Wang solid, Hughes not
This is from yesterday's game, but I just wanted to show Kei pitching with his shades on. Apparently, he hasn't pitched in a day game in about two years.
As for today, outside of a 1st inning bomb by David Dellucci, Wang was sharp, allowing 4 baserunners in 4 innings with 4 Ks (a lot for him). His sinker moved well despite iffy command. He got most of his Ks on a great slurve (85-88 MPH) that had a lot of downward action.
Rivera followed with a scoreless inning. He threw at least one changeup - the frequency and command of the pitch indicates to me that he will occasionally throw it in real games.
Phil Hughes, however, had another sub-par outing. After getting a quick first out, Victor Martinez battled him, fouling off pitch after pitch until he lined an outside fastball to LF. That must have unnerved Hughes because he lost it after that: Walk, Double, Sac fly, Walk. He was even worse his next inning, allowing a leadoff triple, a sac fly, and a walk. He was pulled for T.J. Beam who induced a GDP. Hughes did have good command of his low 90s fastball, but struggled with his curve and changeup command. It was obvious he didn't have enough confidence in his offspeed pitches to get strike 3 on them so he overused his fastball, and the hitters were sitting on it.
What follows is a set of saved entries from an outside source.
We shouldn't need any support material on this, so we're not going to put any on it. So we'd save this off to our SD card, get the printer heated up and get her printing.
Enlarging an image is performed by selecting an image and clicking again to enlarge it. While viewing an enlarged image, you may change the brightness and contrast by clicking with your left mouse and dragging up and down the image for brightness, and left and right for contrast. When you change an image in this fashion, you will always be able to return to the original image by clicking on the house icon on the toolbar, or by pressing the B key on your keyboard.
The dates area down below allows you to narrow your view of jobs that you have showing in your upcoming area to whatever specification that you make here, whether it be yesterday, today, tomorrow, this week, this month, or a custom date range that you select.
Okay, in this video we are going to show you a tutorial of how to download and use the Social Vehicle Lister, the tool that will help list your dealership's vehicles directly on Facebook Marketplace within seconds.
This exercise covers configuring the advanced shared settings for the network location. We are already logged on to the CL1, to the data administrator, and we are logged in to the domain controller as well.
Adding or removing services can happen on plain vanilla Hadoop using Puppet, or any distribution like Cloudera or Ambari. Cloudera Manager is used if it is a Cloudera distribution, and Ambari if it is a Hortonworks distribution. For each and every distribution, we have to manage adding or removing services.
A few months in AAA should do wonders for him.
The Yanks were rallying in the 7th when speedy CF Brett Gardner singled to right and stretched it into a double. Unfortunately, he was called out when he was clearly safe. The ump was apparently blocked by the SS - how can professional umpires not be in good position to make the call? Maybe it was that 10th donut he had for breakfast.
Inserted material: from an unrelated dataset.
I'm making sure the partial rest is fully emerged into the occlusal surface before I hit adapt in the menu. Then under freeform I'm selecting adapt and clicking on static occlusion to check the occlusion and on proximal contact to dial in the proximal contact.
That was some at-bat by Jose Tabata in the 9th inning. He worked the count to 3-2 (taking several close pitches) before driving an outside fastball over the RF wall. He has a quick, powerful swing, and showed impressive strength hitting an opposite field HR. The announcers kept incorrectly calling him a 19-year-old. Tabata won't turn 19 until August.
4-3 Cleveland (the Yanks have just 2 losses this spring, both to the Tribe)
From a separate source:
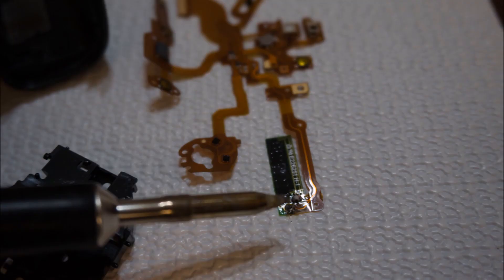But I cannot understand how such a fantastic camera has such a weak power on-off switch mechanism, and I hope this is not the case in the newer cameras.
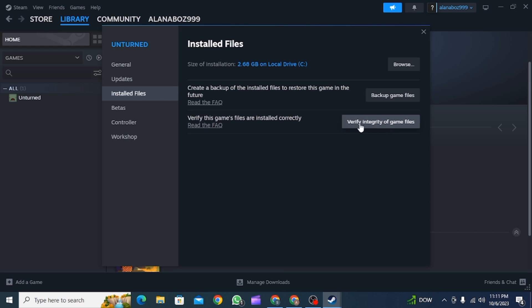After this, if the issue is in the game files itself, it's going to be fixed. Now simply restart the app and you can play the game without any issue. And that's it for this video.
Pavano is starting tomorrow vs. Boston. Rasner and Ohlendorf will follow.
2 comments:
Here's a bet that the new lefty japanese pitcher for the yanks has a better year than Matsuzaka.
You heard it here first.
i dont know about that, but Matsuzaka did get roughed up the other day: 4 ip, 3 er, 6 h, 2 HR.
when i saw his flyout/groudnout line from his previous game, i predicted he could have trouble with the HR. it was true in this game.
but i'd like to see Igawa have a scorless outing this spring.